Dissertation Fellow 1999-2000
Daniella Kostroun (History)
Duke University
Gender and Church-State Relations
in Absolutist France:
The Case of the Port Royal Nuns, 1609-1709
While most histories of French absolutism focus on Louis XIV’s
strategies to discipline male subjects and institutions, my dissertation
explores how these strategies work with regard to female subjects
and organizations. The case of the Port Royal nuns from 1609-1709
sheds light on the relationship between women and the state because
of the convent’s involvement in Jansenist struggles. I argue
that the nuns’ participation in these religious quarrels had
political implications because both Church and state based their
authority upon Catholic notions of hierarchy and obedience. Obedience,
in turn, was idealized as a feminine phenomenon because of the belief
in an inherent weakness of the feminine sex, which rendered women
more obedient than men. While Louis XIV and the Port Royal nuns
shared the belief in a "natural" feminine obedience, they
disagreed over what this obedience meant in the context of the Jansenist
debates. For the king, feminine obedience meant that the nuns should
follow his command to denounce Jansenism without question. For the
nuns, their ignorance in matters of theology meant that they had
to obey their consciences (which dictated that they remain silent
on the Jansenist question) above all else.
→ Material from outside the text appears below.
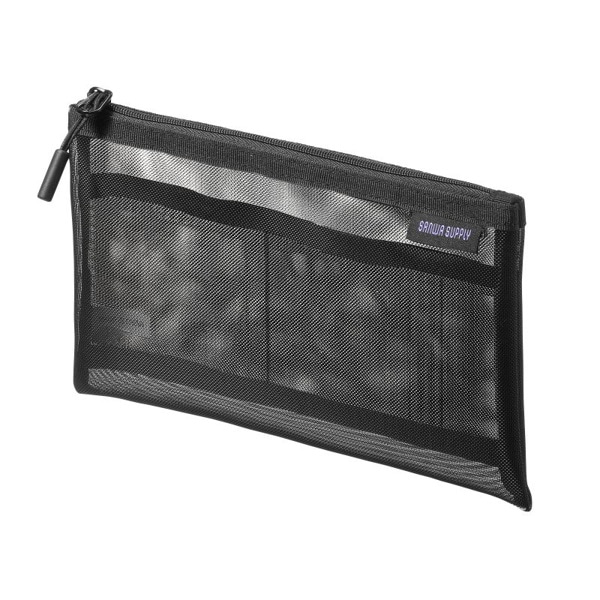 サンワサプライ マルチメッシュケース 200×10×120mm ブラック IN-MS1BK 1個（ご注文単位1個）【直送品】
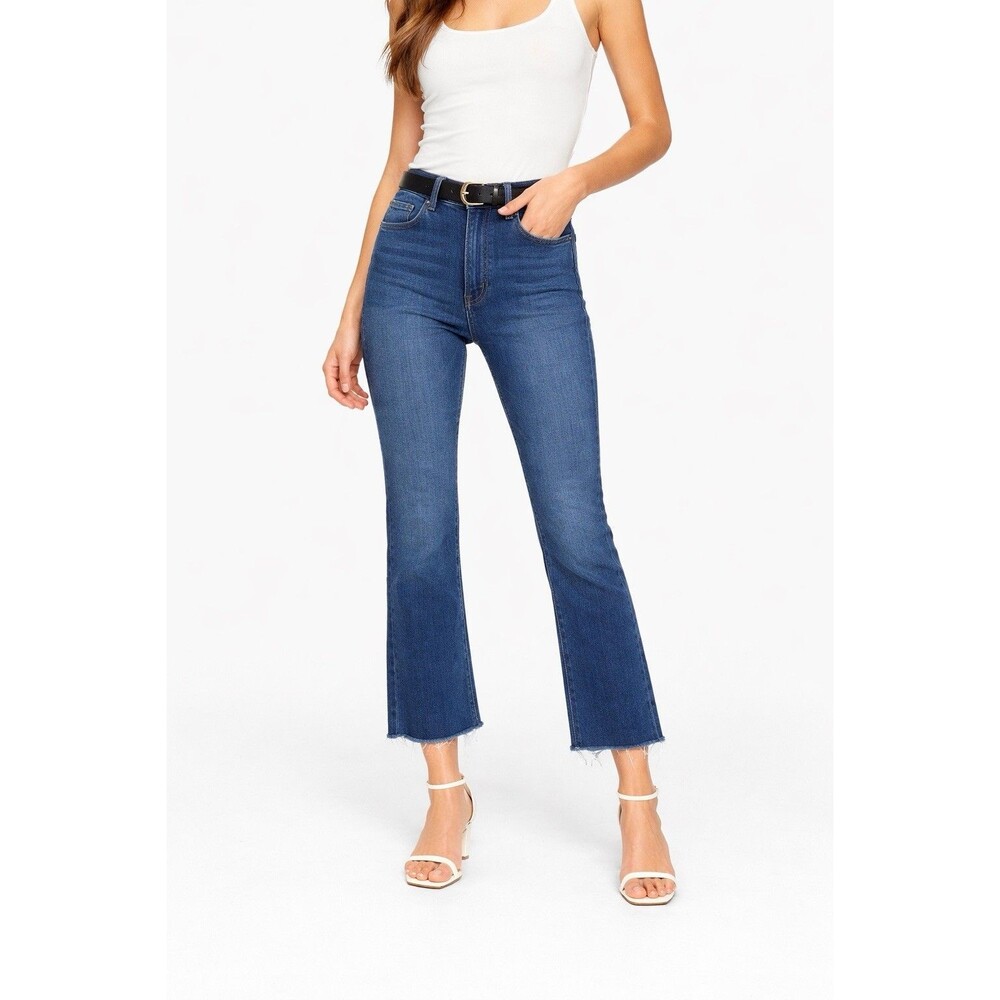 MOTHER The Hustler Ankle Fray Jeans Women's Sz 26 Dark Blue Home Movies Effortle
The clash between these
two visions of obedience led to the violent destruction of Port
Royal by Louis XIV in 1709.
While my dissertation examines the nuns’ personal resistance
to the king, it also explores how male Jansenists incorporated the
nuns’ resistance strategies into their polemical pamphlets.
By associating individual conscience with the nuns’ qualities
of innocence and obedience, Jansenists argued that the king’s
attempts to dominate their religious conscience was an abuse of
power that undermined his claims to divine sanction. This argument
was particularly salient once Louis destroyed Port Royal. His inability
to peacefully discipline his opponents provided them with a powerful
symbol of tyranny in action, which, in the decades prior to the
French Revolution, they were only too willing to use.